Richard Noble’s team will test-fire the rocket at Newquay Cornwall Airport as part of the propulsion system’s development programme. Combined with a jet engine aboard the Bloodhound SSC record car, it is hoped the rocket will help send the car and its driver, Andy Green, to more than 1000mph in South Africa late next year.
According to Bloodhound’s rocket engineer Dan Jubb, the test is the biggest rocket firing in the UK for more than 20 years, and the most accessible to the public since the early stages of NASA’s Apollo programme.
The test will be streamed online at bloodhoundssc.com/rocket.
Bloodhound’s rocket system is called a hybrid because, unusually, it uses a solid fuel (a synthetic rubber) and a liquid oxidiser (High Test Peroxide). Most rockets are either entirely solid or liquidly fuelled, but each brings its own problems with shutting them down.

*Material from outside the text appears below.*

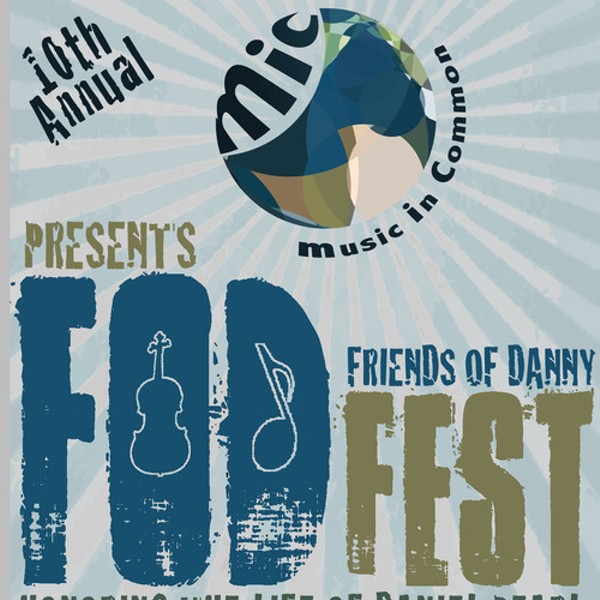 FODfest 2014 Kicks Off This Weekend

A hybrid rocket, however, should just turn off cleanly if the HTP supply is stopped, as it may need to be during the record runs.
During the attempt, Bloodhound SSC will use a EJ200 Eurofighter Typhoon engine, making 20,000lbf of thrust, to reach around 230mph, at which point Green will begin the rocket firing sequence.
Wednesday’s rocket firing is the first of four such tests, each building closer to a full power test, at which point the rocket will make 25,000lbf of thrust for 20 seconds.
Just as significantly, Bloodhound has recently secured sufficient funding to finish building the record car. The total, about £8.5m over the past four years, is enough to keep a Formula 1 team in business for about a fortnight.
The Bloodhound team is content that, now the car can be finished, additional funds to take it to South Africa and complete the runs will surely follow. They aim to attempt the record late next year, or very early in 2014.